Si en français «gastronome» désigne une «personne qui aime la bonne chère», en russe (гастроном), cet emprunt au français signifie une boutique où l’on vend des produits gastronomiques. Je me souviens de la première fois où je suis entré dans l’une de ces boutiques à Moscou, l’épicerie Elisseïev. Du temps de l’URSS, on l’appelait simplement Gastronome N° 1 (Гастроном №1). On y trouvait tous les raffinements culinaires dont raffolait l’élite soviétique. L’existence même d’une élite révélait une contradiction au sein de la société soviétique. Officiellement, l’URSS ne possédait plus de classes sociales ; mais le concept des gastronom impliquait que certaines personnes menaient un style de vie privilégié. Le principe rhétorique de base du réalisme socialiste était que ce mode de vie élitaire était acceptable parce que, en plus d’inciter à une productivité du travail plus élevée dans le présent, dans un proche avenir, il serait partagé par tous les peuples soviétiques.

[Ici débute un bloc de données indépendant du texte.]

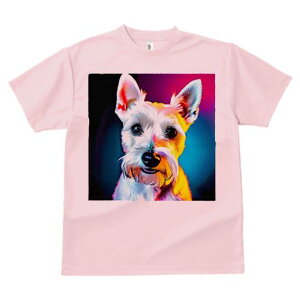 EGXgnChzCgeA TVc  j[NfUCfB[X t@  t vg lJWA 킢 lԗp Mtg I ҏ΍ Jt EGXgnC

Dans les mots de Fitzpatrick : le réalisme socialiste consistait à «voir la vie en devenir, plutôt que la vie telle qu’elle était». La nourriture, sa qualité et l’accès à celle-ci structuraient donc la société soviétique, comme de nombreuses autres sociétés d’ailleurs.

Ce blogue est dédié à cette dimension sociale de la nourriture dans les sociétés totalitaires. Comme le blogue fera la part belle aux cartes, en voici déjà une qui montre l’importance des terres noires dans la structuration de l’espace nazi. Elle a été réalisée avec QGIS. Au bas de la carte, on trouve un lien vers une carte en ligne réalisée par mon étudiant, Joshua Vachon.

Épicerie Elisseïev à Moscou, 2016, photo de l’auteur. On remarquera le style art nouveau.